In Denmark, Design Thinking has been applied to a wide range of public settings, from rethinking waste management, to reducing tensions between inmates and guards in Danish prisons, to transforming services for mentally disabled adults. Christian Bason, the CEO of the Danish Design Centre and ex-director of MindLab, a cross-ministerial unit within the Danish government, has been a leading advocate of the approach. His book, Design for Policy, charts the emergence of collaborative design approaches in public policy. Bason has also cited the work of Geoff Mulgan, Mariana Mazzaucato and James Anderson as interesting examples of government innovation.
Elsewhere, the Australian Centre for Social Innovation used Design Thinking strategies to support destitute families with a decentralised peer-to-peer learning model that linked them to other families that had successfully overcome their own difficulties. In the United Kingdom, a dedicated unit called the Policy Lab works to bring people-centred design to policy-making by providing policy teams with support to design solutions around citizen needs.

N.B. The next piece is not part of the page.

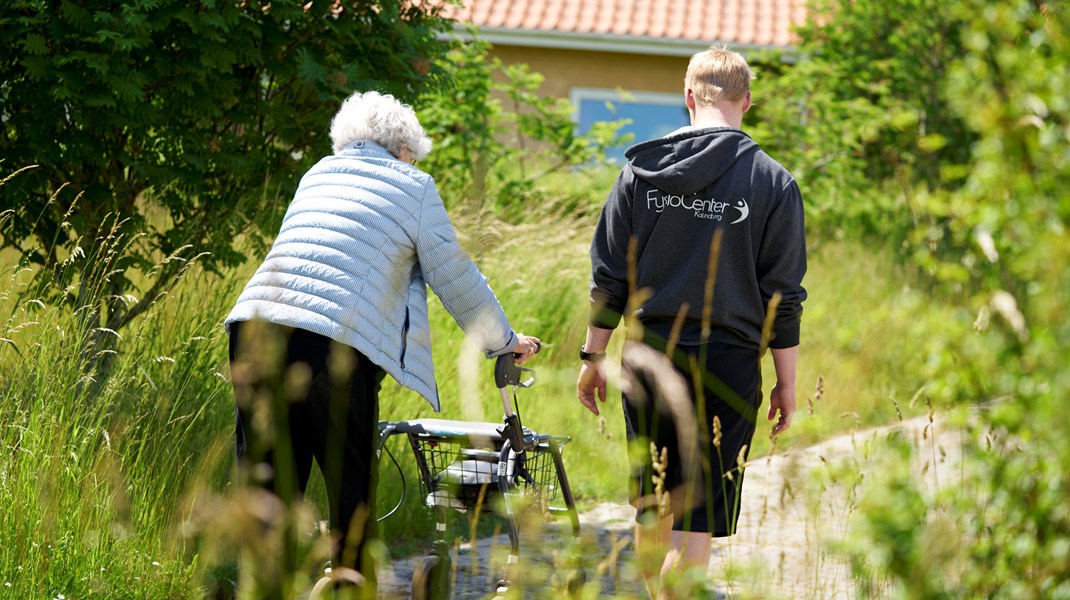 Det er nødvendigt at sikre et forskningsløft i de kommunale sundhedsopgaver med målet om, at blandt andet sygeplejersker og fysioterapeuter skal kunne tilbyde ældre med kronisk sygdom pleje og behandling i og nær eget hjem, skriver Sisse Marie Welling (SF) og Randi Brinckmann.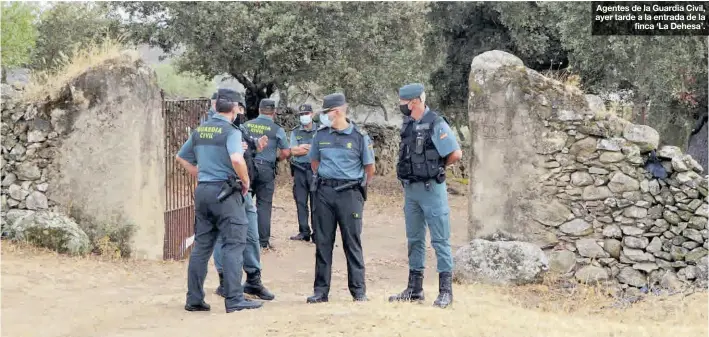  ?? RAFAEL MOLINA ?? Agentes de la Guardia Civil, ayer tarde a la entrada de la finca `La Dehesa'.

In South Africa, design-led approaches are also gaining traction. The Better Living Challenge in the Western Cape adopted a people-centred approach to improving the living conditions of low-income communities and the European Union is increasing state exposure to design techniques through the Capacity Building Programme for Employment Promotion (CBPEP). Letsema’s Customer Strategy practice has recently applied design-led methods to a variety of public policy challenges raging from township development and urban land reform to tourism grading and public-sector business model design.
Since empathy is at the core of Design Thinking, the framework lends itself well to social and developmental objectives. The toolkit has tremendous flexibility to accommodate different problem statements and adapt to varied settings. South Africa faces a number of complex development challenges that resist easy solutions. Whether in co-located teams or across highly dispersed multi-stakeholder programmes, in air-conditioned head offices or at ground level in communities, Design Thinking locates the capacity for change within ourselves and asks whether we have identified the problem correctly and whether the components of the solution actually meet the needs of the user.